This repository contains manifests and scripts to bootstrap clusters with Cluster API. Currently only AWS clusters are supported, but more types will be added later (EKS and GCP).
-
GitOps. Cluster(s) manifests are managed by FluxCD and the repo structure follows "repo per team example".
-
Infrastruture provisioning. Clusters are deployed using "Boostrap & Pivot" approach with initial temporary management cluster running on
kind
. Flux manifests are installed on each CAPI cluster by Flux running on the management cluster. Even though it is not a recommended approach, in this project Flux is running in read-only mode (deploy key does not have write permissions). -
CNI. cilium. Because CNI needs to be installed during cluster bootstrap before anything else runs on the cluster it can't be managed by Flux. CAPI implemented Cluster API Addon Provider for Helm (CAAPH) which allows to install helm charts for workload cluster during its bootstrap.

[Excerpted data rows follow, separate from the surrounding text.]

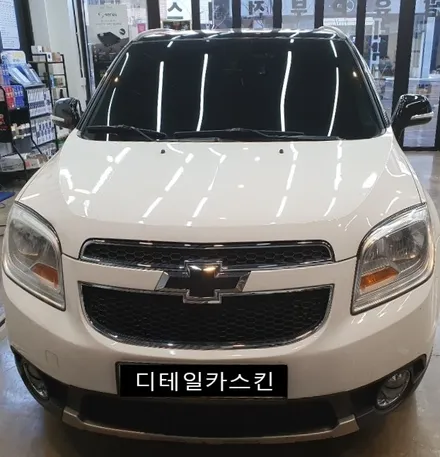 인천 서구 가정동 루원시티 올란도 랩핑제거 / 인천 서구 가정동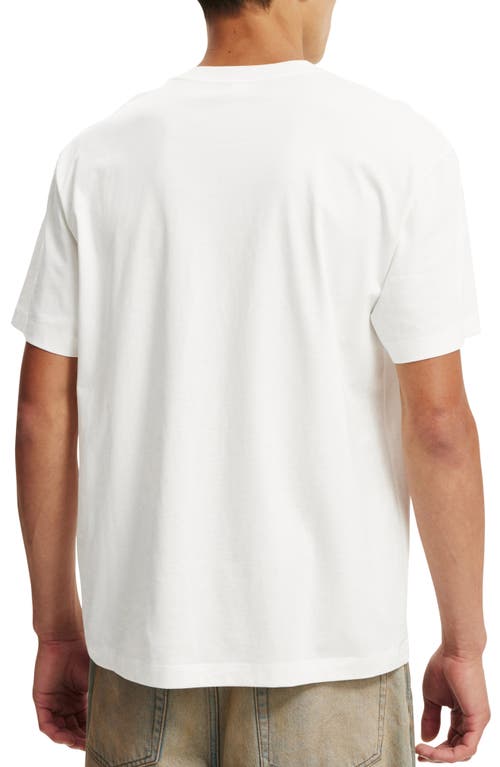COTTON ON COTTON ON SOUTH DAKOTA COTTON GRAPHIC T-SHIRT
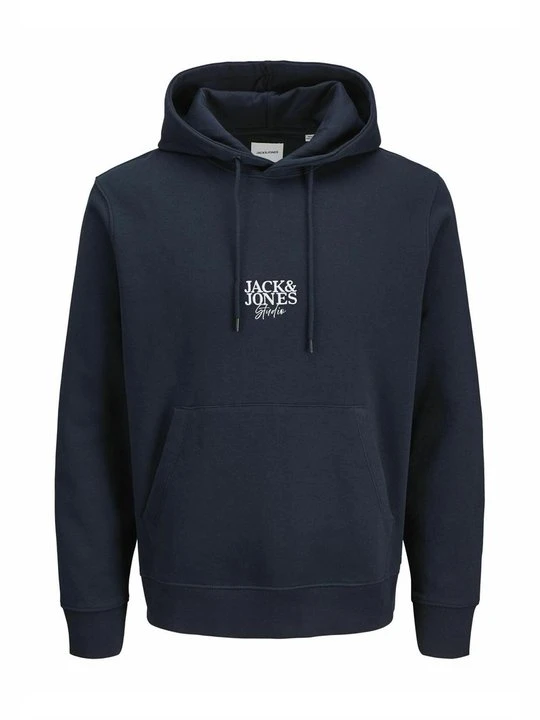 Zdjęcie produktu Bluza z kapturem Jack&Jones granatowy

This might be possible to implement with: https://fluxcd.io/flux/components/kustomize/kustomizations/#remote-clusterscluster-api instead.
Create CAPI IAM user. This will ensure the least privilege principle and give the ability to audit CAPI requests separately. Refer to aws/README.md for more details what required for initial AWS setup.
Setup workload clusters config as described in config/README.md. Workload clusters can be set and removed on the go, they don't need to exist before running the deploy script.
Deploy permanent management cluster on AWS (using temp kind
cluster and then pivot)
./scripts/deploy.sh
Kubeconfig file path can be provided in K8S_MULTI_KUBECONFIG
env variable, it doesn't have to be an empty kubeconfig, but it will be modified by the script adding and removing entries for clusters and contexts that it manages.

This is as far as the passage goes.